AI scores high in gaokao language tests, low in math - Chinadaily ...
Artificial intelligence has shown impressive performance in Chinese literature and English language but struggled in mathematics, as per a study using various chatbot tools for answering this year's national college entrance exams, gaokao.
AI Performance in Different Subjects
The Shanghai Artificial Intelligence Laboratory conducted a study with six open-source AI models and the latest version GPT-4o by Open AI. The results, released recently, revealed that AI scored an average accuracy rate of 67% in Chinese language and literature, 81% in English, but only 36% in mathematics.
The top-performing model was Alibaba's Qwen2-72B, achieving a 72% accuracy rate, followed by GPT-4o and a model from the Shanghai Artificial Intelligence Laboratory.
Evaluation of AI Test-takers
Graders mentioned that AI tools showed better understanding of contemporary Chinese text but struggled with classical Chinese. They excelled in memorization of formulas but faced challenges in applying them effectively during problem-solving.

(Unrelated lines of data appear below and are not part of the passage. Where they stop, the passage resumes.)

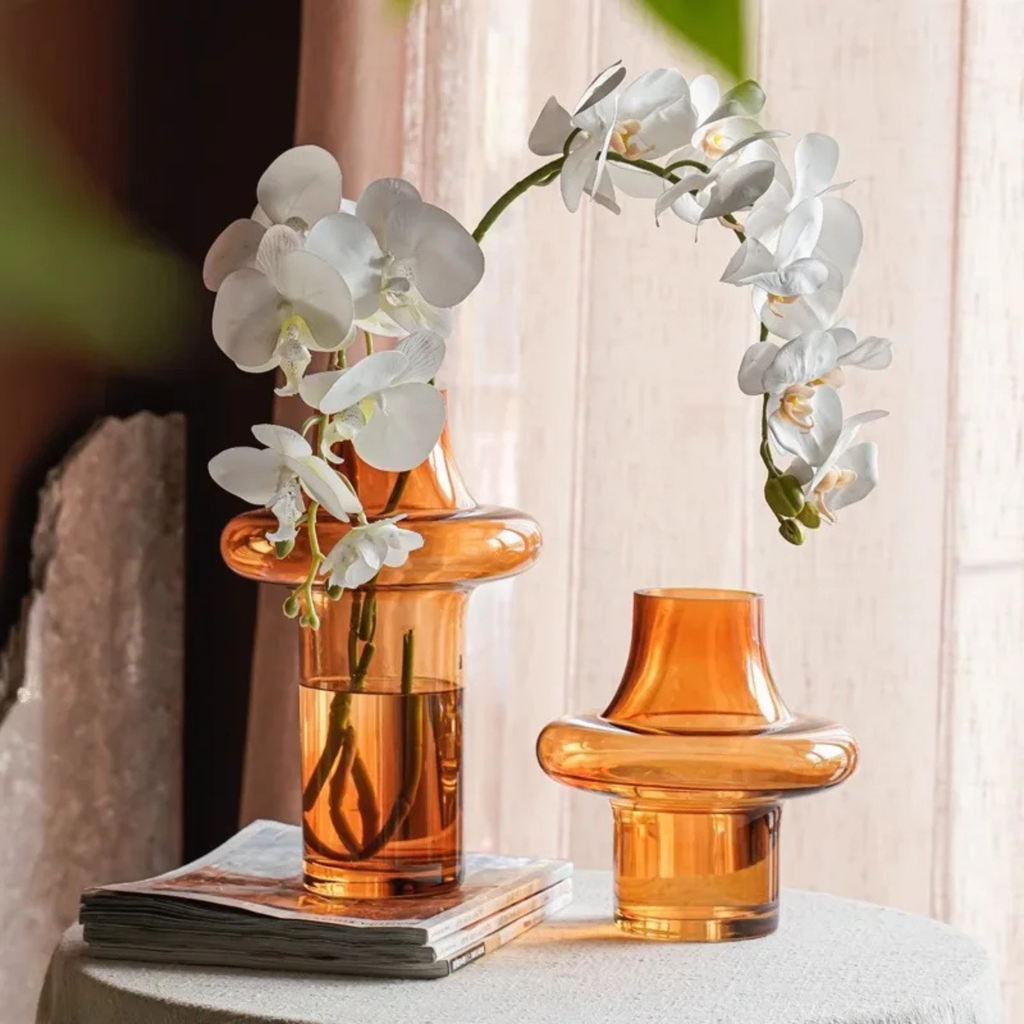 Amber Geometric Glass Vase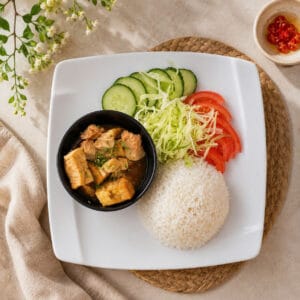 Haudutettu possunlihaa ja tofu riisillä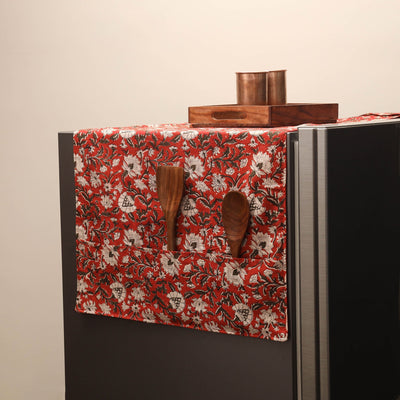 Handmade fridge top cover with multiple pockets 01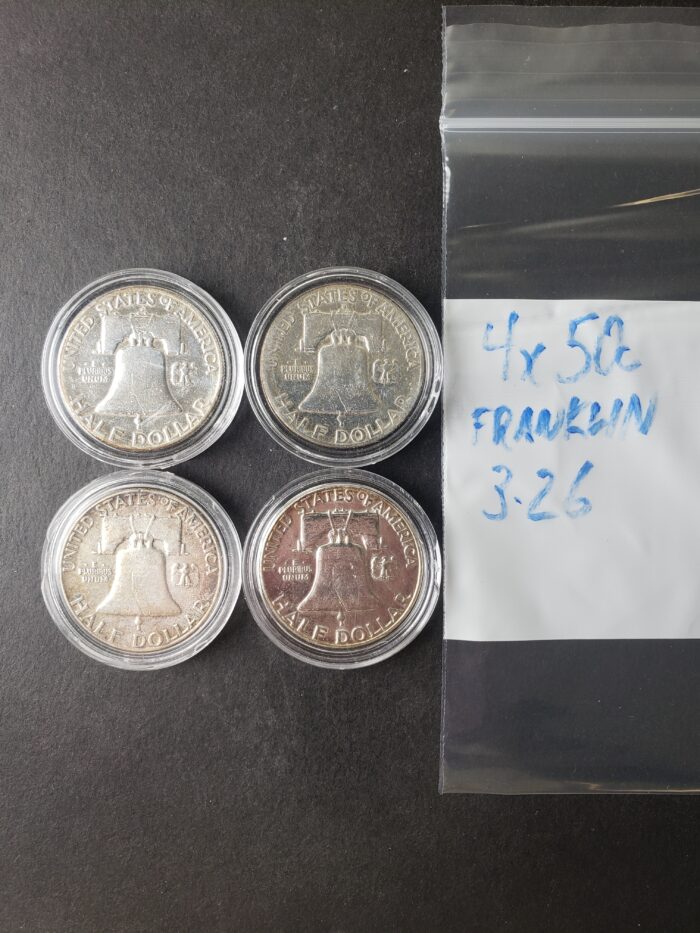 Lot of Four 50c Franklin Silver Half Dollars - Image 3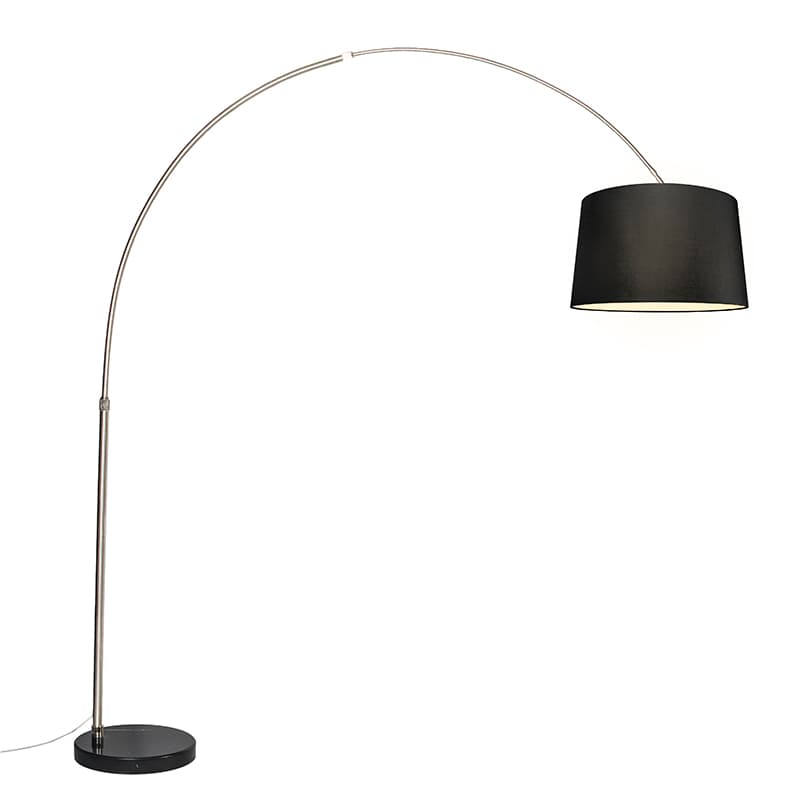 Oceľová oblúková lampa s látkovým tienidlom čierna 45 cm - XXL 1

During the preliminary round of the 2024 Alibaba Global Mathematics Competition, AI teams had mediocre results with the highest score being 34 as compared to the human high score of 113.
Analysis and Feedback
Cao Sanxing from the Communication University of China noted that AI's weaker performance in math does not necessarily reflect reasoning or calculation weaknesses but rather a lack of focus on math training in AI development compared to language-related training.
Despite AI's proficiency in languages, experts point out flaws like contradictory statements and lack of deep thinking in AI-generated content. Xu Yi from Renmin University highlighted AI's strength in data analysis for summarizations but its limitations in logical thinking.
Xiong Bingqi, director of the 21st Century Education Research Institute, attributed the lower math scores to insufficient math-related programming and emphasized the need for students to develop critical thinking skills alongside knowledge memorization.